Material for the task:
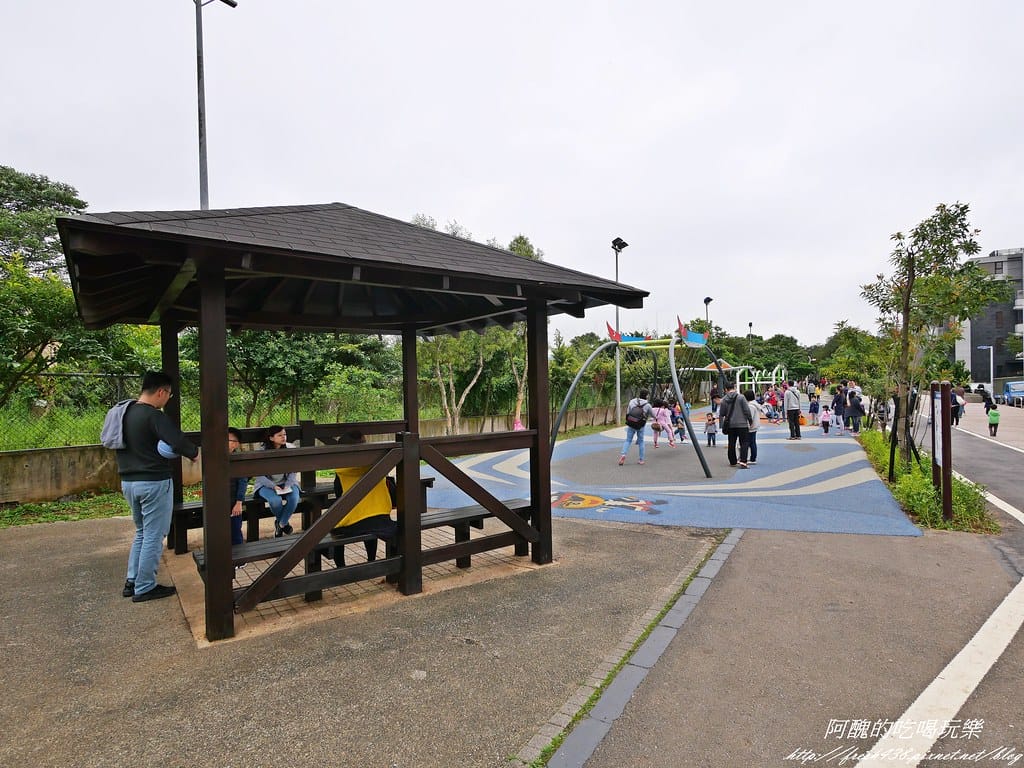 【新北特色公園】林口樂活公園,交通/停車資訊,捷運主題公園,4米高溜滑梯超級刺激,等您來挑戰。 - 第5張圖 P1001555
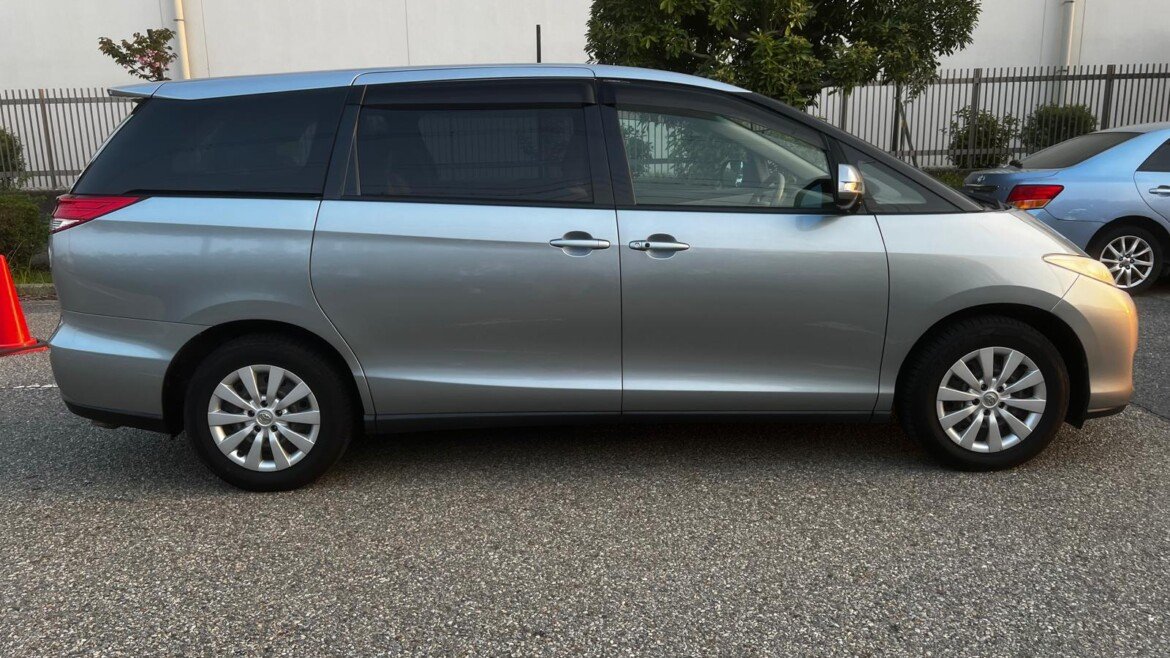 Toyota Estima (2012)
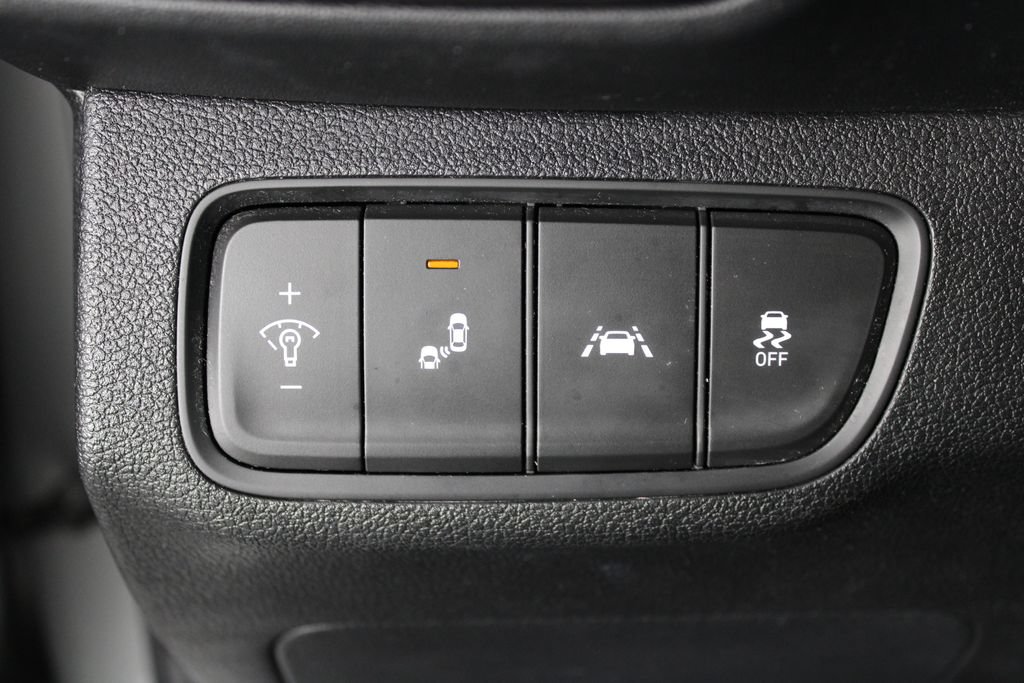 Used 2020 Hyundai Santa Fe SEL FWD image 22
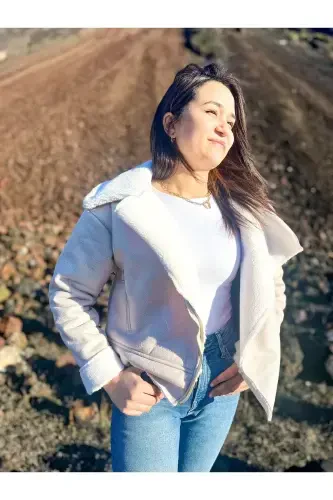 Куртка-косуха укороченная из искусственной замши с искусственным мехом - бежевый - 3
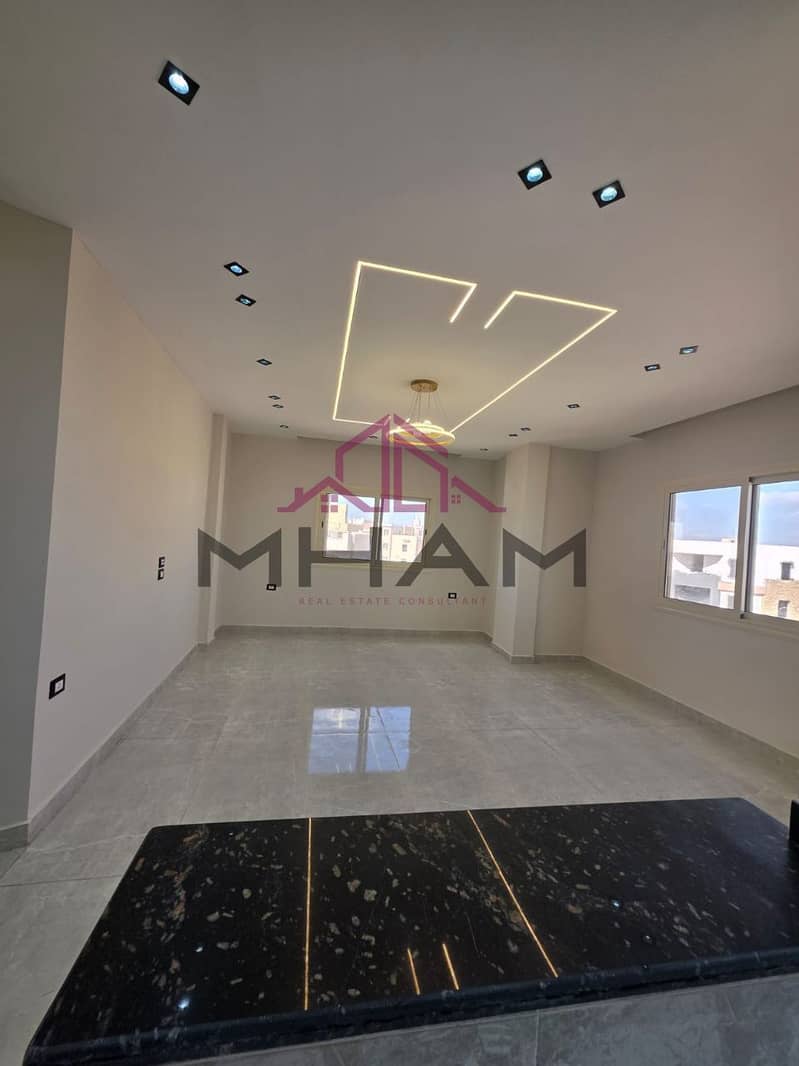 2 photo_5942532341936884722_y. jpg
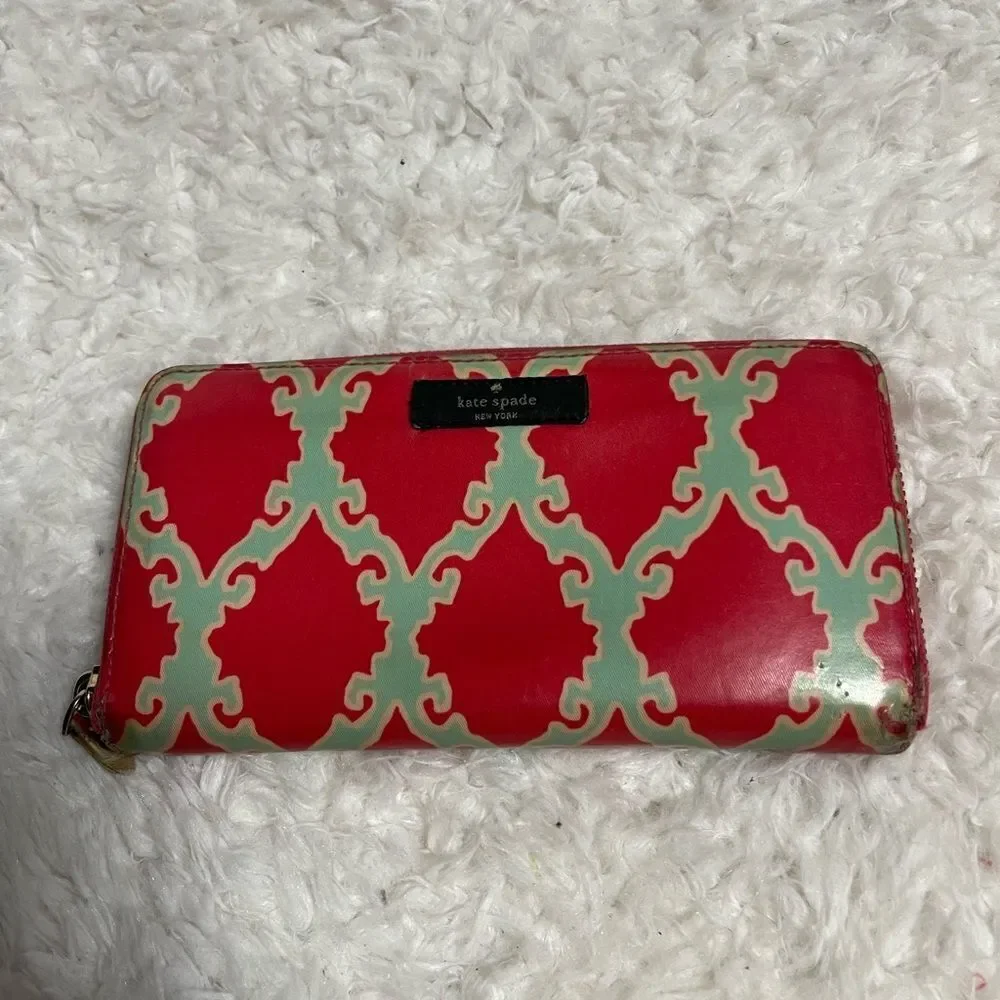 Kate Spade Neda Daycation Wallet Coral Red Turquoise Blue.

Your instructions: Please restate the data word for word, leaving out any picture it holds.

Reply:
 【新北特色公園】林口樂活公園,交通/停車資訊,捷運主題公園,4米高溜滑梯超級刺激,等您來挑戰。 - 第5張圖 P1001555
 Toyota Estima (2012)
 Used 2020 Hyundai Santa Fe SEL FWD image 22
 Куртка-косуха укороченная из искусственной замши с искусственным мехом - бежевый - 3
 2 photo_5942532341936884722_y. jpg
 Kate Spade Neda Daycation Wallet Coral Red Turquoise Blue.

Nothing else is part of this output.